### [Try it]
With pictures left out, extract every line between the start of the records below and the line holding "SÉT ĐẦM VOAN ĐỎ KÈM NƠ", inclusive.

### [Materials provided]
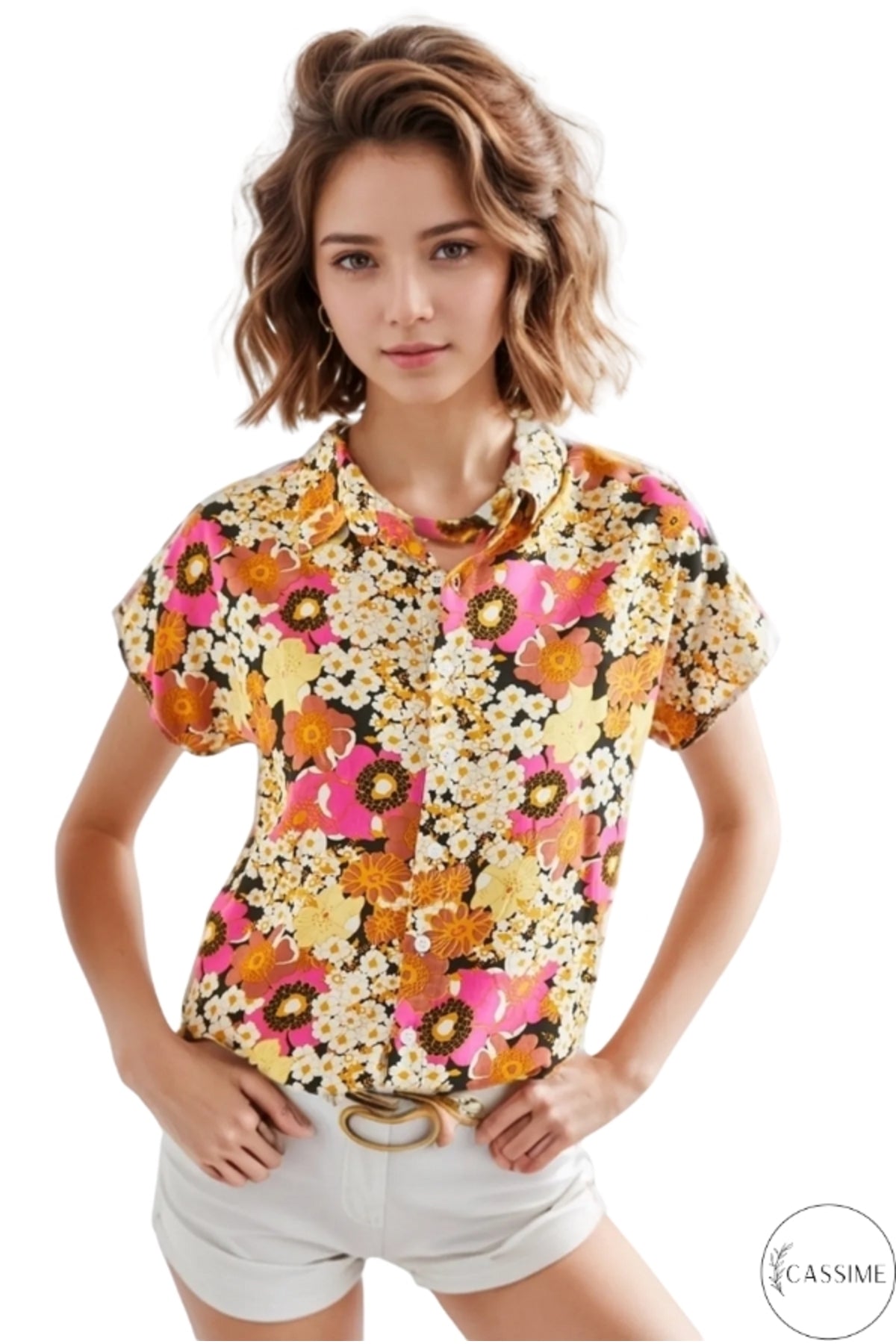 Charlotte Women's Short Sleeve Batwing Shirt - Pink and Orange Daisy Print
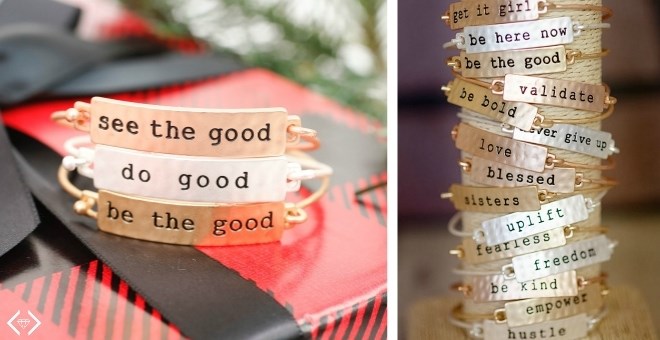 Stamped Bar Stacking Bracelets – 34 Phrases – Just $6.99! Last minute gifts!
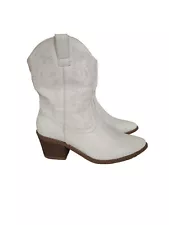 Dream Pairs White Cowboy Boots Womens Size 7 Side Zip Western Cowgirl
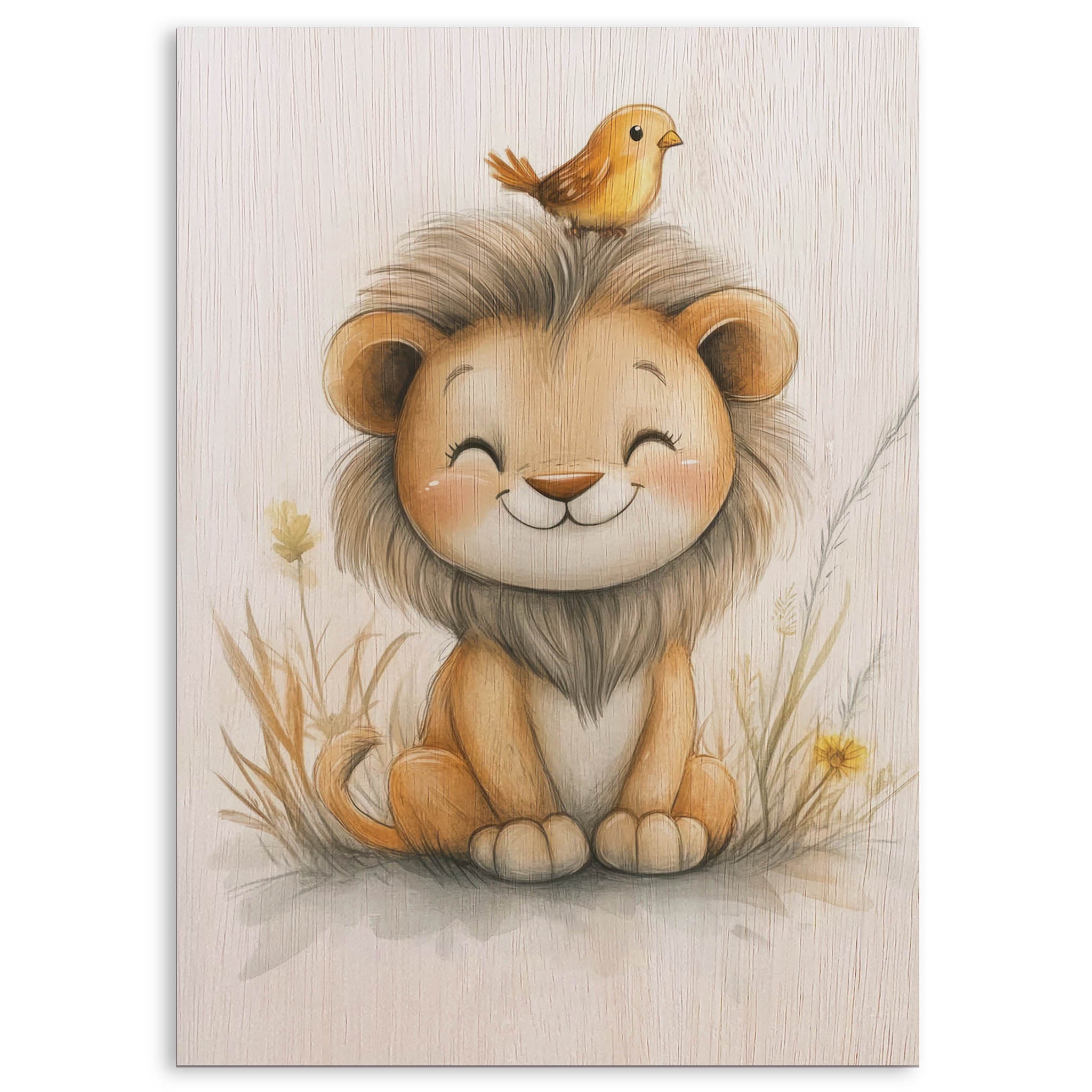 Cute Lion with Bird Wood Print by OnWood Australia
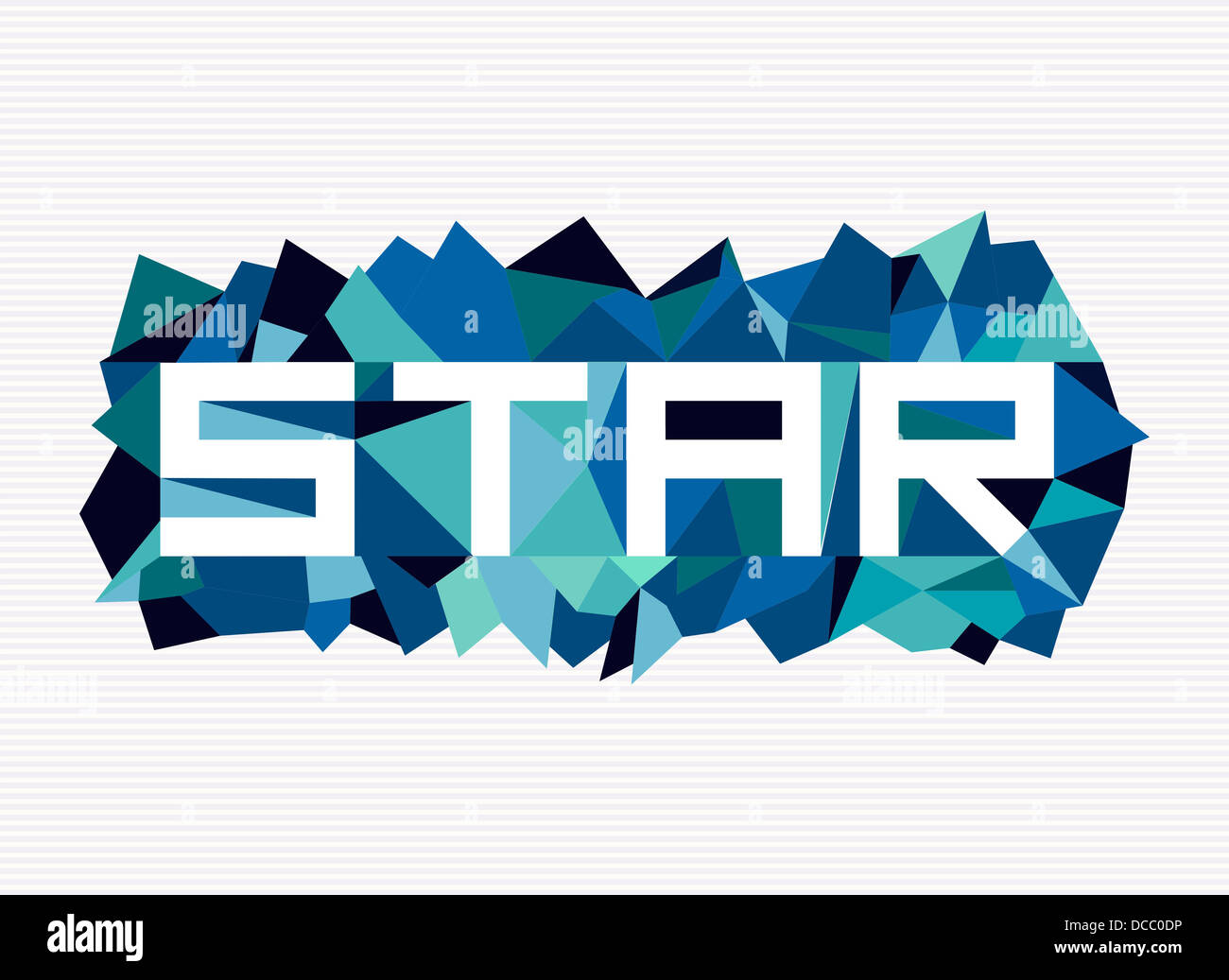 Trendy star flat text over retro triangle composition background. Vector file layered for easy manipulation and custom coloring. Stock Photo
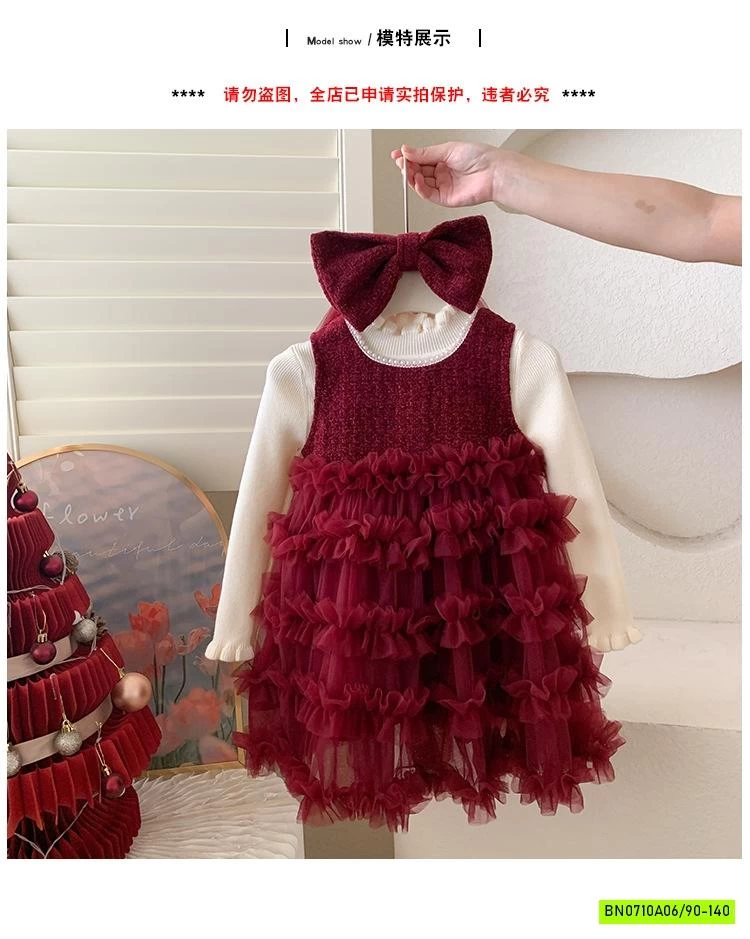 SÉT ĐẦM VOAN ĐỎ KÈM NƠ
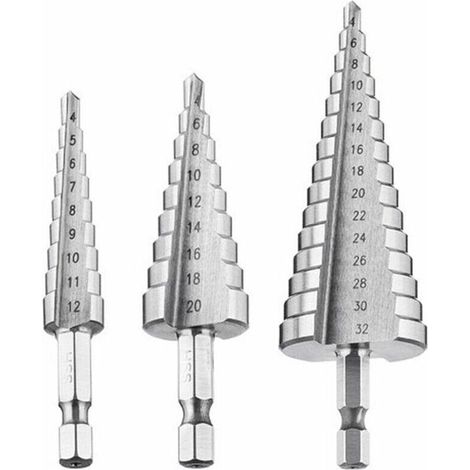 Foret Etagé, Foret Fraise Metal 4PCS 4-12/20/32mm Meche Etage Perceuse Acier Fraise Forage Conique Triangle avec Revêtement Titane Visseuse Percage pour Acier/Bois/Laiton/Plastique/PVC (1/5)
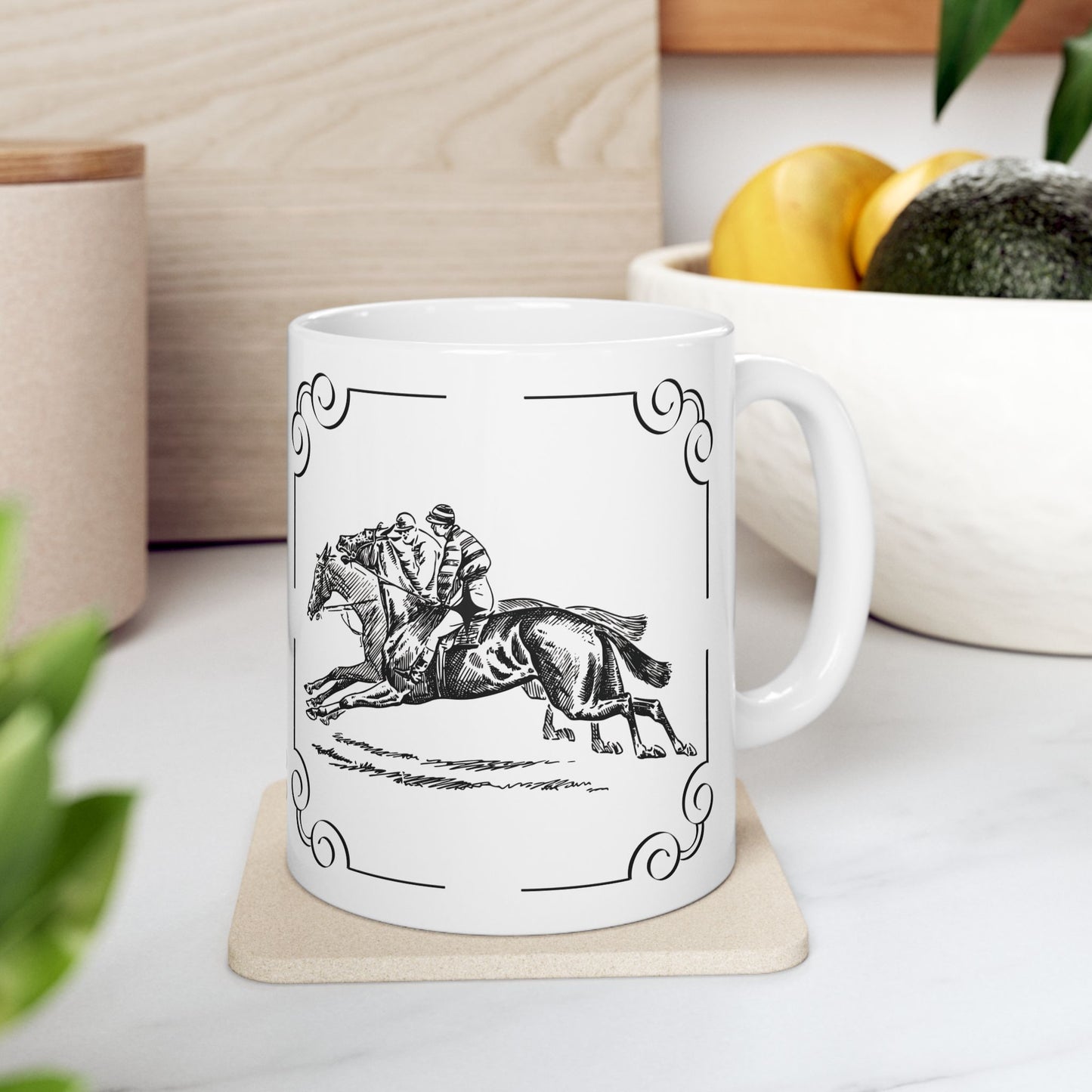 Elegant Equestrian Ceramic Mug, Horse Lover Gift, Stylish Drinkware, Unique Coffee Cup, Perfect for Home or Office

### [Response]
 Charlotte Women's Short Sleeve Batwing Shirt - Pink and Orange Daisy Print
 Stamped Bar Stacking Bracelets – 34 Phrases – Just $6.99! Last minute gifts!
 Dream Pairs White Cowboy Boots Womens Size 7 Side Zip Western Cowgirl
 Cute Lion with Bird Wood Print by OnWood Australia
 Trendy star flat text over retro triangle composition background. Vector file layered for easy manipulation and custom coloring. Stock Photo
 SÉT ĐẦM VOAN ĐỎ KÈM NƠ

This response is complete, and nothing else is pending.